My wife is going to school for her masters and I'm afraid if I out him to the school she'll be kicked out also. All the money lost and wasted.

She is a student there and was once his studnet, but not anymore. This bloomed from "friends that would talk" to the monster it is now.

In March, I did send him a message via Facebook (he had they were on each other's lists) and he said he was sorry, loved his wife...etc. etc....but yet here it is August and we're at it again.


----------



## Devastated1 (Dec 7, 2009)

Sorry, but he's a lying sack of *blank*! Period. This needs to stop and the best way to do it is to go to his wife and university with proof. Otherwise you're a crazy jealous husband who has no idea what he's talking about. Also, I wouldn't tell your wife that you're doing this or even thinking about doing this simply because they will get together to plan their aliby "my husband is a crazy lunatic, don't believe a word he says, he's always been jealous blah, blah, blah." Liars will lie to whatever extent possible to cover their own butts. They can't lie when faced with black and white proof. Well, they could try but it will just make them look like idiots.

Good Luck.


----------



## Wisp (Jul 17, 2010)

"My wife is going to school for her masters and I'm afraid if I out him to the school she'll be kicked out also. All the money lost and wasted"-- please stop looking for reasons not to out him. Your marriage is a lot more important.

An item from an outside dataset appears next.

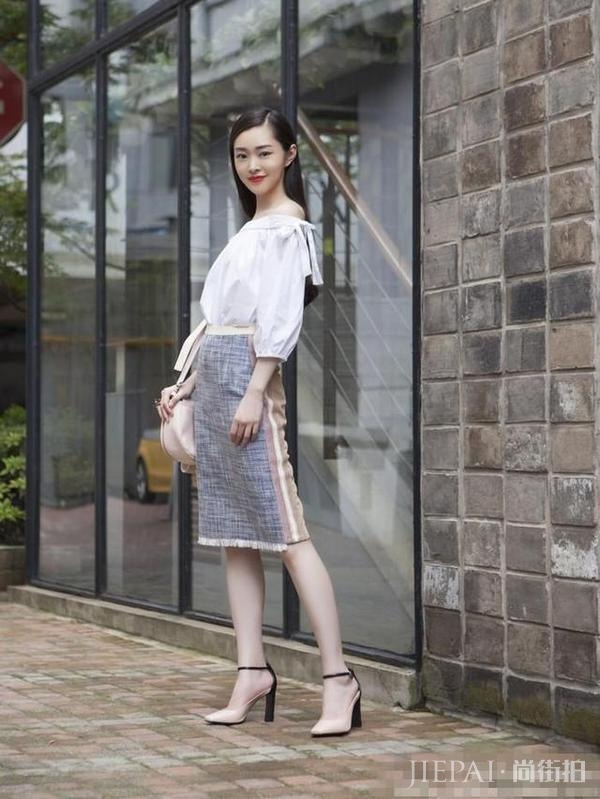 还记得《伪装者》的于曼丽吗？街拍美哭了！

This is a professional body and they will not want their name dragged through the mud. They will in all likelihood do nothing, as this is something that happens to a lot of students. 

For you it is a shot across their bows and his to let them both know you will not tolerate this. For your wife once you have done the deed and if she hears something its called consequences. 

Your own words “here it is August and we're at it again.” . 

Fight for your wife with every breath you have, sitting pondering and being a nice guy tells both of them what?


----------



## greeneyeddolphin (May 31, 2010)

Even if they are "just e-mails", they are still inappropriate for married people to be sending back and forth to people that they are not married to. It needs to stop.


----------



## CH (May 18, 2010)

Wisp, alot of colleges have a zero tolerance for student/teacher relationships. They will not look the other way if both adults were consenting. This isn't fairy tale land, this is America where people love to sue at a drop of a dime.

She will be kicked out if it's in the universities by-laws. She is now a potential threat of having another affair with another professor. Which in turns increases a chance of some huge litigation lawsuit against the university. There is no way they're gonna say, "ooohhhhh poooooorrr young lady was seduced by the jerk professor." This was a consenting affair on both ends.

If the professor black-mailed her or offered her better grades for certain favors then yes he's SoL and she's the victim. In this case I highly doubt that was the case.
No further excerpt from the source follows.